…and the winner is: KVM! Why? Because as you read this, some of you will be thinking I’m talking about a keyboard-video-mouse switch, while some of you will be thinking I’m talking about Linux kernel-based virtualisation (still others are probably thinking of something else… what I don’t know, but I reckon I can be sure that the letters KVM have not been put together only twice in human history).
For the record, I’m talking about Linux kernel-based virtualisation. It wins my award for the Technology With The Worst Name Ever because if, like me, you go looking on your favourite search engine for issues with Linux kernel-based virtualisation, all you find is issues about keyboard-video-mouse switches. This is because for the last fifteen years (at least), in the computer industry KVM has stood for keyboard-video-mouse (switch).
This is not your common-or-garden-variety case of acronym overloading, either, because many folk (myself included) still use a KVM. Usually acronym overloading occurs when the acronym being overloaded has fallen from use and a new technology takes its place, or when an acronym is used to reference a little-known technology and a new usage of the acronym is unaware of the previous usage[1].
Here, KVM was already in heavy use, and I’m sure that none of the Linux kernel hackers could claim to being unaware of the term. Yet they used it anyway. And nothing in /usr/src/linux/Documentation explains why.

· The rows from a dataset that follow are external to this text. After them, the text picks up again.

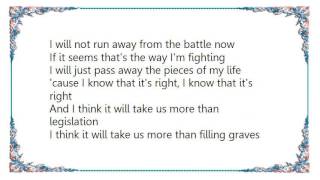 Chalk FarM - Lie on Lie Lyrics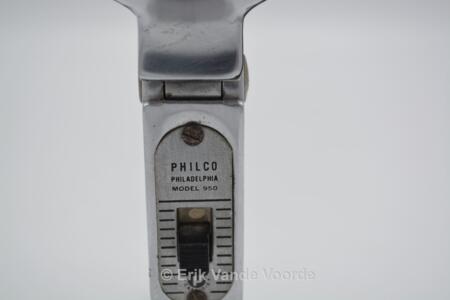 Philco 950 3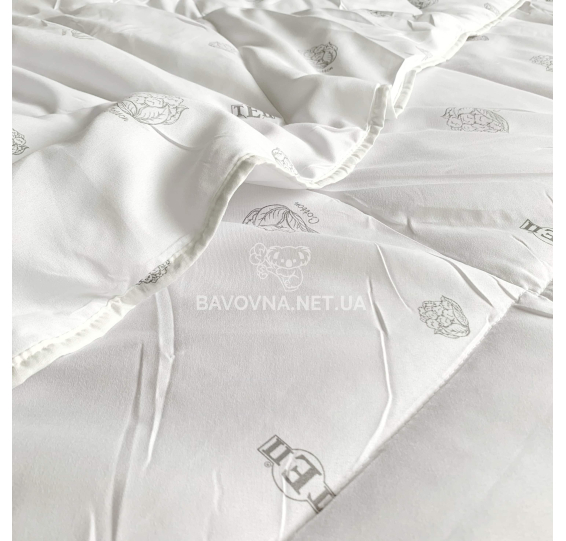 Ковдра ТЕП Dream collection «Cotton» 200х210 Літо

I’m sure there’ll be something out there about why they chose the name… but in the meantime I’m left to find other reasons why KVM doesn’t seem to work on my system. Which KVM do I mean? Ah, that’s for me to know… 😉
[1] RTP is an excellent example of this — it was already in use as Rapid Transit Protocol (a part of the APPN-HPR suite), but the VoIP folk never heard of APPN and used RTP for their Realtime Transfer Protocol.